One thing I've seen many VCs do wiith their initial investment in a company is invest more when the valuation gets expensive. They are ownership driven, not valuation driven. So if they originally wanted to invest $4mm at a $20mm post money valuation and buy 20% of the company, they talk themselves into investing $8mm at a $40mm post money valuation so they can still buy 20% of the company.
I have never liked this approach. When the price of an initial investment goes up, I prefer to invest less, or nothing at all. Investing nothing at all is a fairly obvious approach when the price gets beyond your comfort zone. Investing less is not as obvious.
My rationale for investing less has to do with the fact that most venture investments involve multiple rounds. If you believe there will be additional opportunities to invest in the company and you really want to be involved, then you can invest less and reserve more funds to invest later in hopes that the risk reward of the investment improves.
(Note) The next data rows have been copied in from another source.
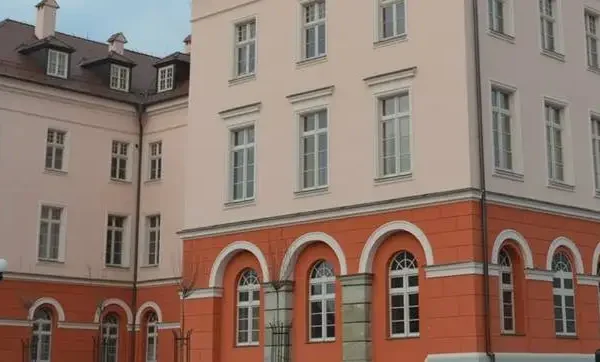 Jedyny Orlik w gminie Grodków zamknięty przez większość dnia – mieszkańcy pytają dlaczego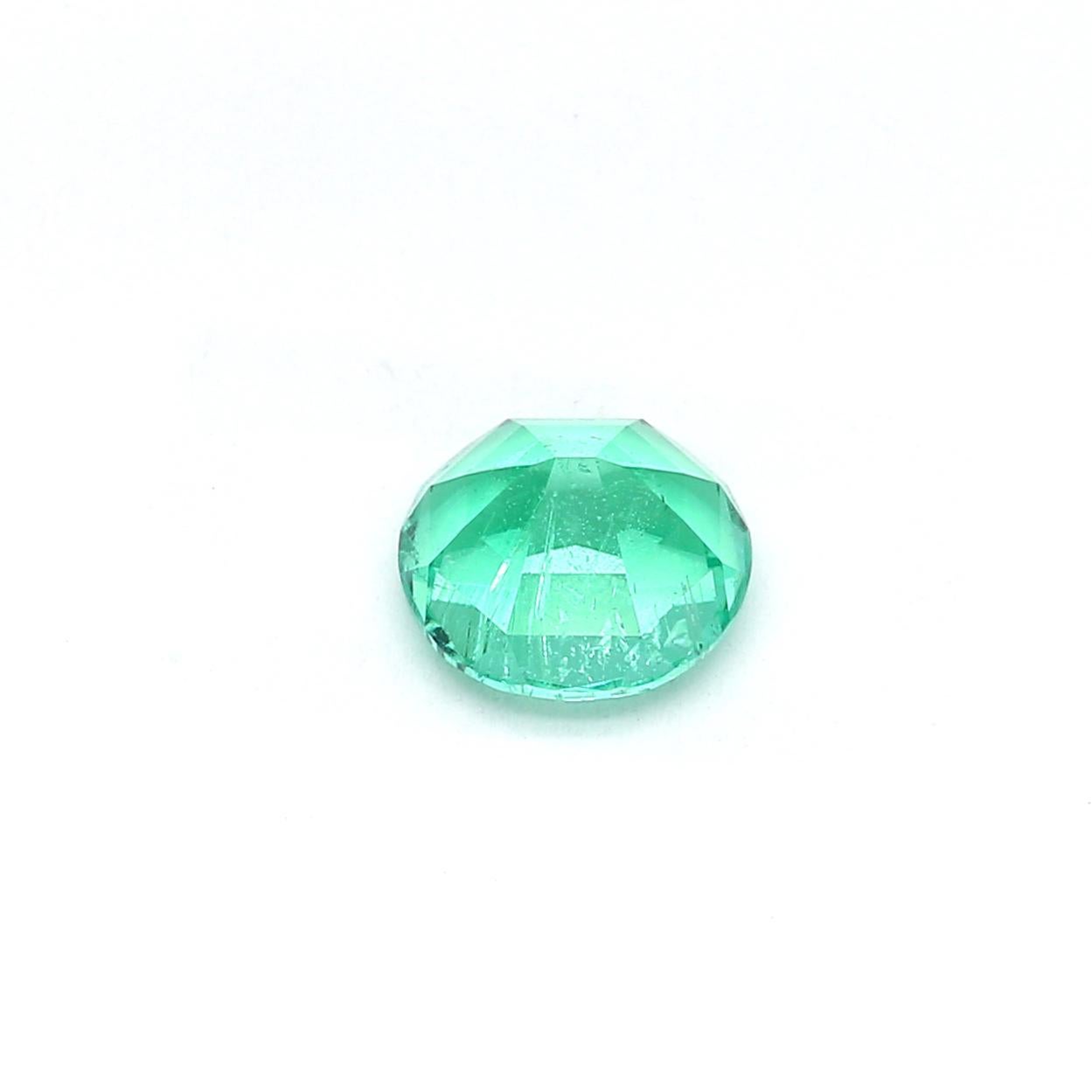 No Oil Oval Shape Loose Emerald from Russia 1.38 Carat In New Condition For Sale In Bangkok, TH
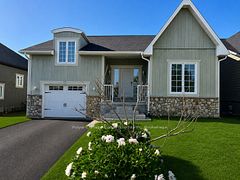 73 Findlay Drive, Collingwood, ON L9Y 0G6
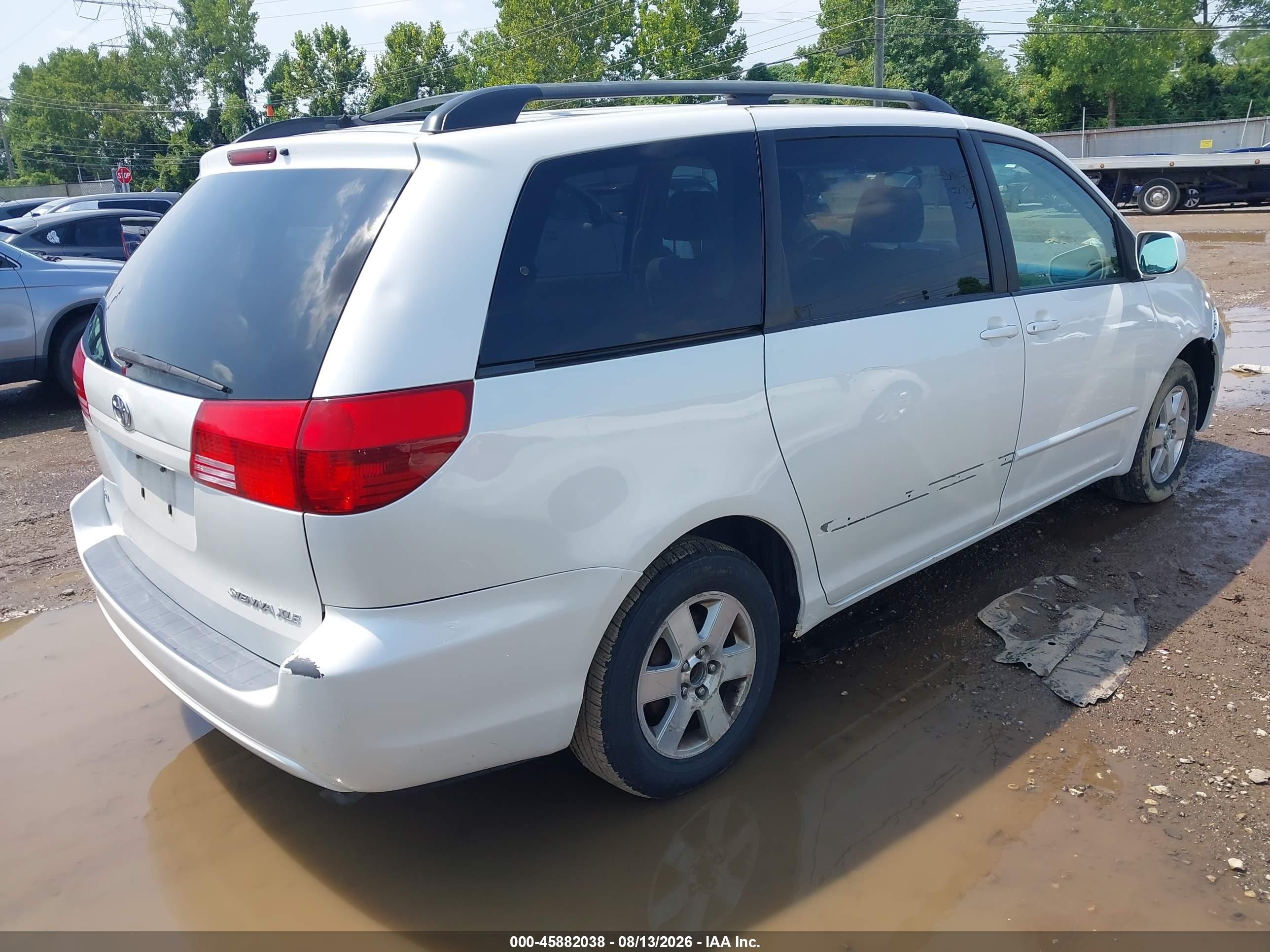 2004 Toyota Sienna Xle White vin: 5TDZA22C14S027296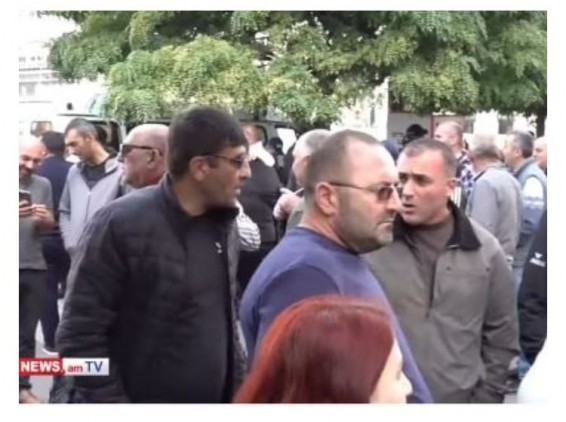 Протестующие дальнобойщики направились к зданию посольства РФ в РА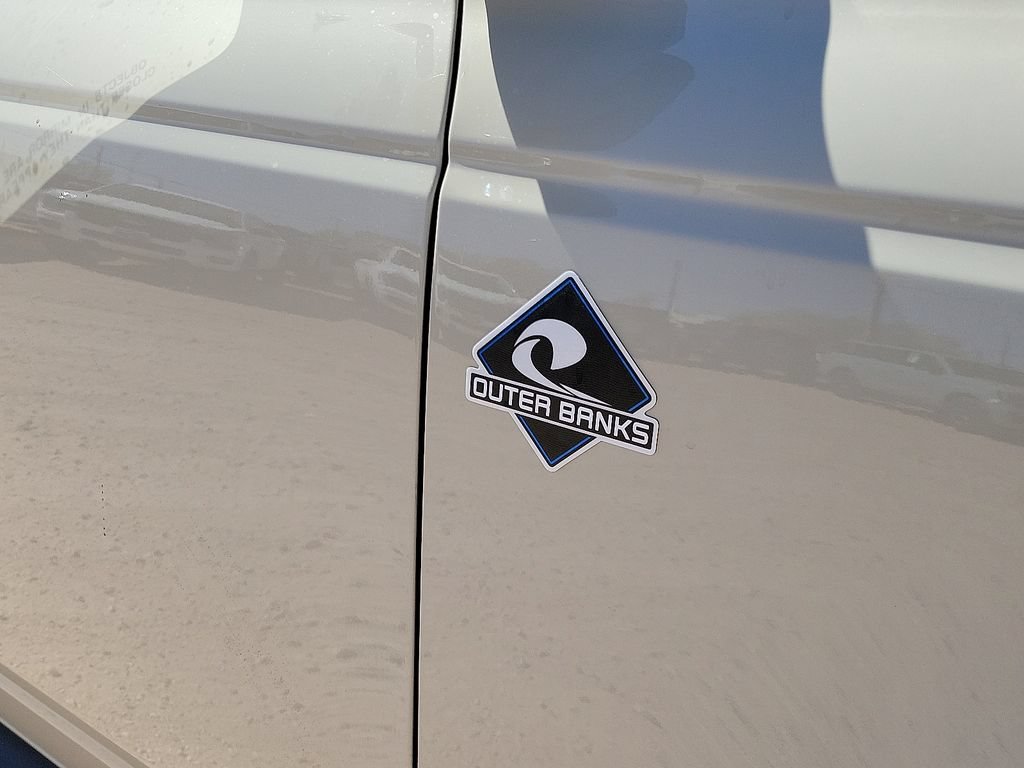 New 2026 Ford Bronco Outer Banks AWD/4WD image 13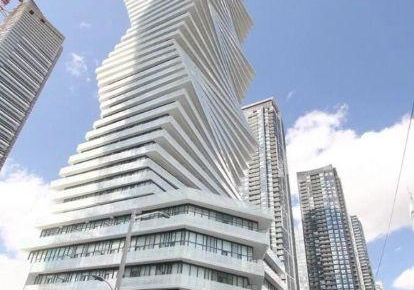 3900-confederation-parkway-mississauga-ontario-w13683142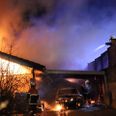 En brand, der formodentlig er startet i eller omkring bilen i garagen, spredte sig natten til mandag til den tilhørende villa på Keravej i Hjørring. Foto: Presse-fotos.dk.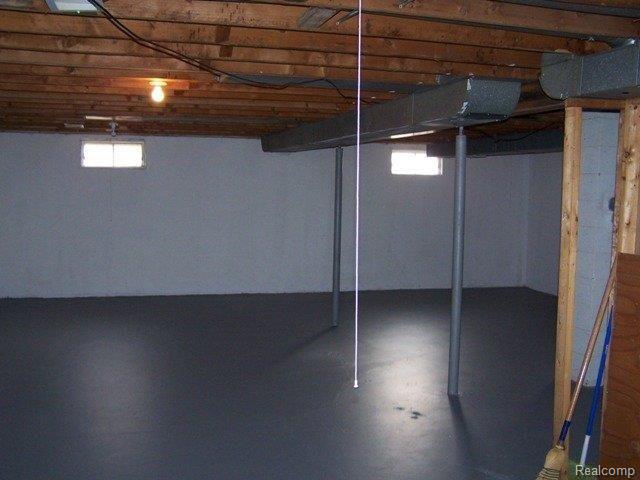 4291 Highland Road Milford, MI 48380 - Photo 4 of 7 Highland Rd. 4291 Basement.JPG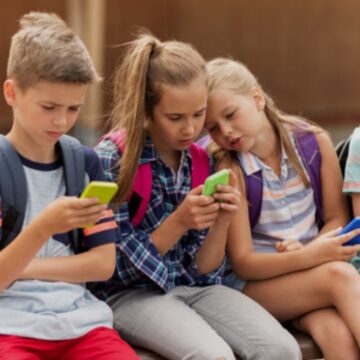 A PARTIR DEL 3 DE NOVIEMBRE ENTRA EN VIGOR REGULACIÓN DEL USO DE CELULARES EN ESCUELAS: PRESIDENTA CLAUDIA SHEINBAUM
Since you will be an investor in the company, you will be shown those opportunities before or at least alongside new investors in future rounds.
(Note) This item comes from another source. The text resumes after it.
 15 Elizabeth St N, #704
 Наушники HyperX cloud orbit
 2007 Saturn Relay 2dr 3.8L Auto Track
Investing more when the price is too high makes no sense to me. If you are overpaying by 2x, doubling down feels like overpaying by 4x.
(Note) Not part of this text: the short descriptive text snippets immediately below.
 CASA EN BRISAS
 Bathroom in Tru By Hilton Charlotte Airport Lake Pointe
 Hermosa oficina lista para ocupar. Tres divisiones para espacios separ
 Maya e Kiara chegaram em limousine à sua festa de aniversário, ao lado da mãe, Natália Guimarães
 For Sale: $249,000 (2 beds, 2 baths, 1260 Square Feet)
I think the root of this "doubling down on the overpay" issue is that many VCs manage large funds of other people's money and they really don't care so much about how much they invest in each deal. They are looking to buy large stakes in companies and hope that one or more turns into a big winner.
I try to invest as if I have a fixed amount of capital and it is my own capital (some of it is). I like to think that every investment we make takes funds away from other investments we can make, even though this is not actually true. Our firm could raise more money if we wanted it and needed it. But I think raising larger funds will ultimately lower the returns we can deliver to our investors and we have resisted doing that.
So instead of being ownership focused, I prefer to be valuation focused. And the key figure I look at is average valuation of our entire investment. We take the total amount of capital we have invested in a company and divide it by our total ownership. We like that number to be as low as possible relative to the current value of the business. I believe that is the recipe for the best returns and that is what we seek to deliver to our investors.